5. 5. The transmission as claimed in claim 4, wherein a drive means connects rotation of each second axis to rotation of the output shaft.
6. 6. The transmission as claimed in claim 5, wherein the drive means comprises a first gear and a second gear, the first gear being connected to the rotation of the second axis and the second gear being connected to rotation of the output shaft.

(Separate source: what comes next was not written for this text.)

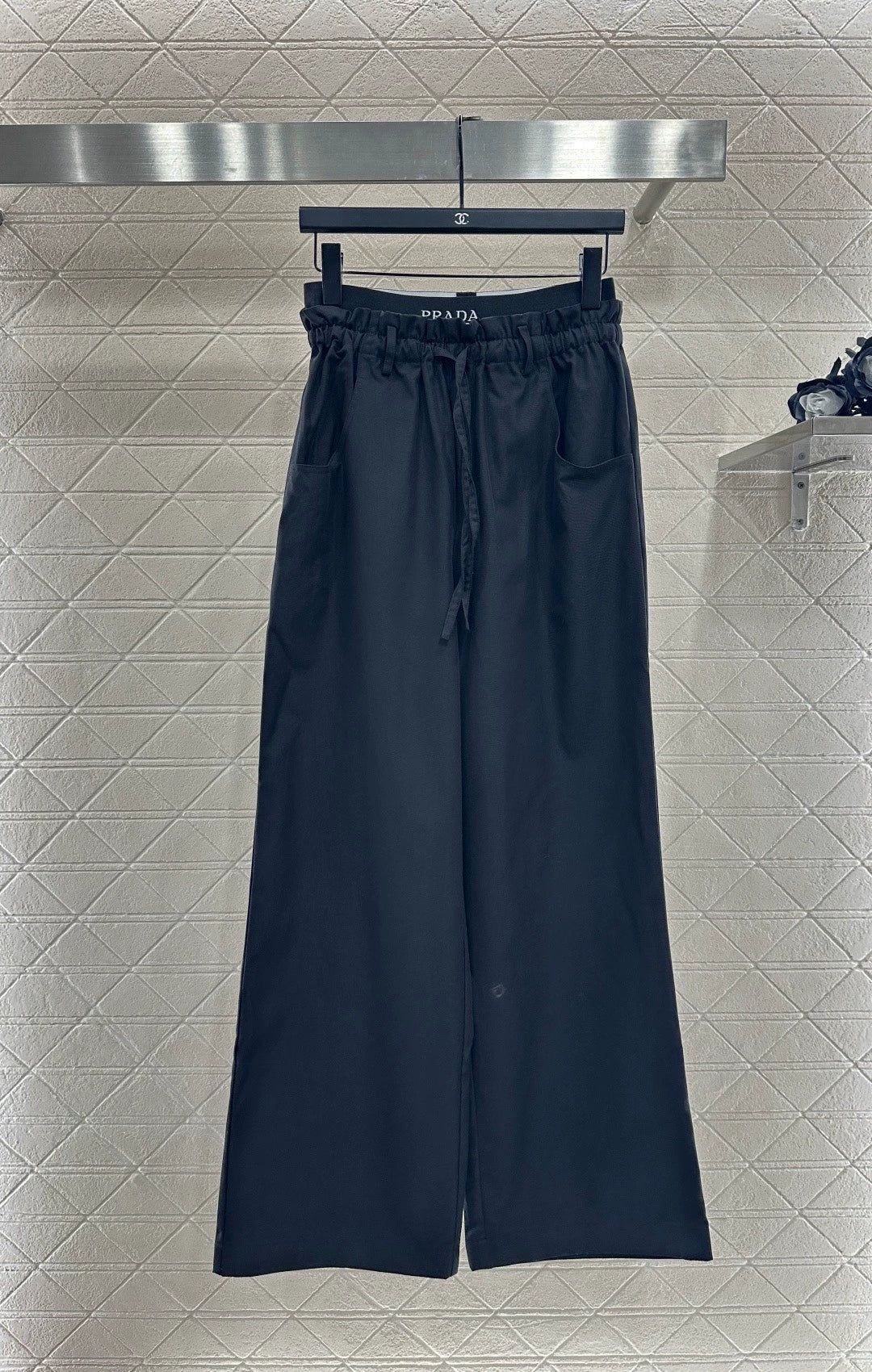 Splicing contrasting ribbon wide leg pants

7. 7. The transmission as claimed in any preceding claim, wherein each gyroscopic arrangement is coupled to the output shaft via a rectifying unit.
8. 8. The transmission as claimed in claim 7, wherein each rectifying unit comprises a first one-way clutch and a second one-way clutch, the first and second one-way clutches being opposed to each other and the second one-way clutch being arranged to drive an intermediate gear in order to rectify the rotation of the drive output shaft.
9. 9. The transmission as claimed in claim 4, wherein the speed of rotation of each rotating mass is controllable in order to control the torque on the output shaft irrespective of output speed.
10. 10. A method of driving an output shaft that is coupled to an input shaft via a transmission, the method comprising causing the input shaft to rotate, and inducing a change in angular momentum within the transmission in order to variably transfer torque from the input shaft to the output shaft.
11. 11. The method as claimed in claim 10, wherein the method comprises using a transmission as claimed in any of claims 1 to 9.
12. 12. A vehicle comprising at least one transmission as claimed in any of claims 1 to 9.
13. 13. A transmission, method or vehicle substantially as herein described with reference to the drawings.